What you will do
Quote the entries below from the line with "14.06.2026 - REWE" through the line with "Used 2019 Buick Cascada Premium image 1", both ends included, and only those lines.

Supplied information
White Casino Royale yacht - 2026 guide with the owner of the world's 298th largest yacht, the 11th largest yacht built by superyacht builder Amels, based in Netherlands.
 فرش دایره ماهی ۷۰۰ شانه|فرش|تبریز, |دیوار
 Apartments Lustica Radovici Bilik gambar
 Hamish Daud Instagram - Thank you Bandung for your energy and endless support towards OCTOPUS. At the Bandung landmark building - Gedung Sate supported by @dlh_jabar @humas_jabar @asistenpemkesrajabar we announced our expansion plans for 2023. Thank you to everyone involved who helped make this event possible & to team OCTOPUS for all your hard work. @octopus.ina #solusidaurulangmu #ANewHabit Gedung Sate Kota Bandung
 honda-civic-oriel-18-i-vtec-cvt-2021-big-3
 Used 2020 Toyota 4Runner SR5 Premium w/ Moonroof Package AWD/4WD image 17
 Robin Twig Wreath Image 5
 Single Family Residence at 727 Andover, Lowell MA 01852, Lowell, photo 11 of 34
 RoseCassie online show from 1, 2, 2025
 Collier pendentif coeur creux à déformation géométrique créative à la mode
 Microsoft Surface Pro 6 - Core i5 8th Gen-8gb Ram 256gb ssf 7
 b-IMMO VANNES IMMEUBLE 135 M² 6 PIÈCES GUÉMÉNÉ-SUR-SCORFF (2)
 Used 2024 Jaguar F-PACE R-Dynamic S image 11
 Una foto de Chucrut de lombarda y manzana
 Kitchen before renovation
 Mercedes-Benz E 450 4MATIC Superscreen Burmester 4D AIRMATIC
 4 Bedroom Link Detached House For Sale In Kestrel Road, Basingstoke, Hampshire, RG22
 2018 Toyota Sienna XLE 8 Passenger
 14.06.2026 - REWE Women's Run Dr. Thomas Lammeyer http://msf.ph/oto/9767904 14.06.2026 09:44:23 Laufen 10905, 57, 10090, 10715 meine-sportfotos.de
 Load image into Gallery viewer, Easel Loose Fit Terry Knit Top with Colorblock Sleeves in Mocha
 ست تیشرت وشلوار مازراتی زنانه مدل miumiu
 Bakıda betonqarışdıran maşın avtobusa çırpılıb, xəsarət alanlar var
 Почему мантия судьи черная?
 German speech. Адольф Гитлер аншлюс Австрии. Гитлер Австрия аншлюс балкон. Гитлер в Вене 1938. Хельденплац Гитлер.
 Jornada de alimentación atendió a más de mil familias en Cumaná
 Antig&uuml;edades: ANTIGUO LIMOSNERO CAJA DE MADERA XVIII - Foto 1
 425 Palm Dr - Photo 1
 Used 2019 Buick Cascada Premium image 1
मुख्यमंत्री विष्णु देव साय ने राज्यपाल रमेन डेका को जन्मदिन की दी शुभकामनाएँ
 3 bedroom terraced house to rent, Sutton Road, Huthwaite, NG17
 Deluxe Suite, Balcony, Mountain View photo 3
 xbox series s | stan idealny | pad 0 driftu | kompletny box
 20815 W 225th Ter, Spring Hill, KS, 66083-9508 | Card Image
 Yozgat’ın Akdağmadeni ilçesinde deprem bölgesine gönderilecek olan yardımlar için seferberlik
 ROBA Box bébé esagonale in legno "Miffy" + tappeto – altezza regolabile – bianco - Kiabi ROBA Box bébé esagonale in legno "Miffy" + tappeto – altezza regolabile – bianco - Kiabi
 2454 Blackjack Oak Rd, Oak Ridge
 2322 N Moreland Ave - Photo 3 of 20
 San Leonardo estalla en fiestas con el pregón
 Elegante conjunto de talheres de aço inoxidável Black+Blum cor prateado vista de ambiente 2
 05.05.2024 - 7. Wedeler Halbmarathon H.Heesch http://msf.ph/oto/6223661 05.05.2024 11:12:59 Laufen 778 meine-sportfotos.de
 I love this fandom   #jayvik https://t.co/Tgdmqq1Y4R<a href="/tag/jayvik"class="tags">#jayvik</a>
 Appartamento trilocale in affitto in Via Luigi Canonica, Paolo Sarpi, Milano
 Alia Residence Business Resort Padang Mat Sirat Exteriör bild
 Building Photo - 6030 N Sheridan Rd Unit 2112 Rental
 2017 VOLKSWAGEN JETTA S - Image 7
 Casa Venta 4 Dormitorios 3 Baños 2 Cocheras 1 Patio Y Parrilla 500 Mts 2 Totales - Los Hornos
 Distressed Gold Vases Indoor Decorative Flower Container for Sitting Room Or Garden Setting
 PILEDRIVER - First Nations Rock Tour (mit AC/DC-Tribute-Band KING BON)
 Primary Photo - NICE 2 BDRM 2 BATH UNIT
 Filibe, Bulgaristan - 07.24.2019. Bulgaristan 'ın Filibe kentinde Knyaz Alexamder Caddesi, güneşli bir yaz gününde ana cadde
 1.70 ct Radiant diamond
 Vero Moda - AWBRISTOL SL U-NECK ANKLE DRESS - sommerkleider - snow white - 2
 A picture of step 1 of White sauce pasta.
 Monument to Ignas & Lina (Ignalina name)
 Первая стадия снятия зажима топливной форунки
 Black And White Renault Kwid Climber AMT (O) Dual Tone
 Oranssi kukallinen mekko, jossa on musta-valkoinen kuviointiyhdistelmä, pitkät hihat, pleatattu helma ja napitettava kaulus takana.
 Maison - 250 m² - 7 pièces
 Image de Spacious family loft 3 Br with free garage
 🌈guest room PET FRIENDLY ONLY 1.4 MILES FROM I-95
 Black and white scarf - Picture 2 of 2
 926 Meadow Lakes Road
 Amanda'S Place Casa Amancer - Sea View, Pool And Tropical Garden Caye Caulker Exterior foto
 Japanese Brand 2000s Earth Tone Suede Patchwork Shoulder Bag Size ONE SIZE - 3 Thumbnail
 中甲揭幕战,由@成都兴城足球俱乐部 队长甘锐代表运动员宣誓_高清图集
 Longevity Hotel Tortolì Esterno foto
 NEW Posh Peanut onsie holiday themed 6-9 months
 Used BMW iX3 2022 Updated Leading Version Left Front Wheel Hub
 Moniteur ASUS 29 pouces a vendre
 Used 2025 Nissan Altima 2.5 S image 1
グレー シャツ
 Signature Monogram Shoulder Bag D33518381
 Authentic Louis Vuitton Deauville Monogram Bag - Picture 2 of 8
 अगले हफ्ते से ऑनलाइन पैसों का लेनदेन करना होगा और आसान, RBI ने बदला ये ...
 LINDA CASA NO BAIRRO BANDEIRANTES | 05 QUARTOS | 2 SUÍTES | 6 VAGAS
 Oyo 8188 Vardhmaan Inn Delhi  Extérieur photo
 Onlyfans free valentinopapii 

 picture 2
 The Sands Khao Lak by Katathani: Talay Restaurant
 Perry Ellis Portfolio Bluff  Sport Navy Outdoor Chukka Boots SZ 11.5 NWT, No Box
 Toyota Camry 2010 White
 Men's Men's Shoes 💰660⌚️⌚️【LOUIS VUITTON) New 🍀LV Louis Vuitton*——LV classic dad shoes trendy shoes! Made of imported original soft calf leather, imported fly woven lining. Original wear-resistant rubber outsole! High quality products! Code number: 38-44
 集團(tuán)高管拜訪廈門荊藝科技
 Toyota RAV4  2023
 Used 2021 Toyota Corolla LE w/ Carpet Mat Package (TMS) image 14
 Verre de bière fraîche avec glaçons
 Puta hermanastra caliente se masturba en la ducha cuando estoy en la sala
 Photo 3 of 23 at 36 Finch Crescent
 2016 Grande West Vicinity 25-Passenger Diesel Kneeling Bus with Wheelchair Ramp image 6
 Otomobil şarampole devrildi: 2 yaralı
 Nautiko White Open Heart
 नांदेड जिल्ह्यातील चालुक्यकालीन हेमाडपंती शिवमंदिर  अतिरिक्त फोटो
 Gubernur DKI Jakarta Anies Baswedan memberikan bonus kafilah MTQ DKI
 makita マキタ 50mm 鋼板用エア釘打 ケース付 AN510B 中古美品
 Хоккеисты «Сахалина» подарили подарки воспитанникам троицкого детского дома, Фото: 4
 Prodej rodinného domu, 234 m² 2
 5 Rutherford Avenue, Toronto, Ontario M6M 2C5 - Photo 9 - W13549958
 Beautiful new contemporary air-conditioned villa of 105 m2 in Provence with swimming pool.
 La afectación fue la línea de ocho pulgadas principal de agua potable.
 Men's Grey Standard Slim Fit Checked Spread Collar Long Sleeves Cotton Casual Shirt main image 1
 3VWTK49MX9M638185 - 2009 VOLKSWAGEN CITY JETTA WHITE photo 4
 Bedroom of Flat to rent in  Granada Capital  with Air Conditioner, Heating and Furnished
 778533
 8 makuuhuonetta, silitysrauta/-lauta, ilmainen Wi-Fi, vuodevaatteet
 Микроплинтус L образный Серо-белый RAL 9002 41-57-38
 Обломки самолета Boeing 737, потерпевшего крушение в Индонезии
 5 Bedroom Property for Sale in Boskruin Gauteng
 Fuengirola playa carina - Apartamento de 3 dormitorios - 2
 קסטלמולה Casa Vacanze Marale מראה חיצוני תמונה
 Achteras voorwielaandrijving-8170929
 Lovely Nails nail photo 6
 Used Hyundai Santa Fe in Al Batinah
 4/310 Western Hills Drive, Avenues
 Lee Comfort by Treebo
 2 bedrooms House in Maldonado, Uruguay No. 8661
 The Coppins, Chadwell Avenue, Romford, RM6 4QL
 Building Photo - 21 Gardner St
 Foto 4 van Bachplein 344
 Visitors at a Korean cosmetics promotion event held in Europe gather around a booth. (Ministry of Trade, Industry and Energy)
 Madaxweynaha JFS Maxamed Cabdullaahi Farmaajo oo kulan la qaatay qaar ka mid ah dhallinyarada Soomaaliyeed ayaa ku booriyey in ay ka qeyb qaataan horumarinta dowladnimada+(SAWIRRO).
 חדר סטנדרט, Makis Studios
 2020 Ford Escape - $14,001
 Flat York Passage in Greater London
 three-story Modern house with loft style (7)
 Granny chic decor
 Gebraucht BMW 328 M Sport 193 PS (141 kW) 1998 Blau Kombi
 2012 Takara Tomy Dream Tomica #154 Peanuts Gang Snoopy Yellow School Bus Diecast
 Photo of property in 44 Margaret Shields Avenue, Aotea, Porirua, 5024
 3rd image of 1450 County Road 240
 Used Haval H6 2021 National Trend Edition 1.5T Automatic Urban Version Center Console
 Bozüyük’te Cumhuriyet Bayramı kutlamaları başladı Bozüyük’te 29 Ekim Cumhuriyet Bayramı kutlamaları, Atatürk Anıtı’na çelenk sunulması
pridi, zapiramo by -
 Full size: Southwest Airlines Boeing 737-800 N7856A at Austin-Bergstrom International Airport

Written reply
 14.06.2026 - REWE Women's Run Dr. Thomas Lammeyer http://msf.ph/oto/9767904 14.06.2026 09:44:23 Laufen 10905, 57, 10090, 10715 meine-sportfotos.de
 Load image into Gallery viewer, Easel Loose Fit Terry Knit Top with Colorblock Sleeves in Mocha
 ست تیشرت وشلوار مازراتی زنانه مدل miumiu
 Bakıda betonqarışdıran maşın avtobusa çırpılıb, xəsarət alanlar var
 Почему мантия судьи черная?
 German speech. Адольф Гитлер аншлюс Австрии. Гитлер Австрия аншлюс балкон. Гитлер в Вене 1938. Хельденплац Гитлер.
 Jornada de alimentación atendió a más de mil familias en Cumaná
 Antig&uuml;edades: ANTIGUO LIMOSNERO CAJA DE MADERA XVIII - Foto 1
 425 Palm Dr - Photo 1
 Used 2019 Buick Cascada Premium image 1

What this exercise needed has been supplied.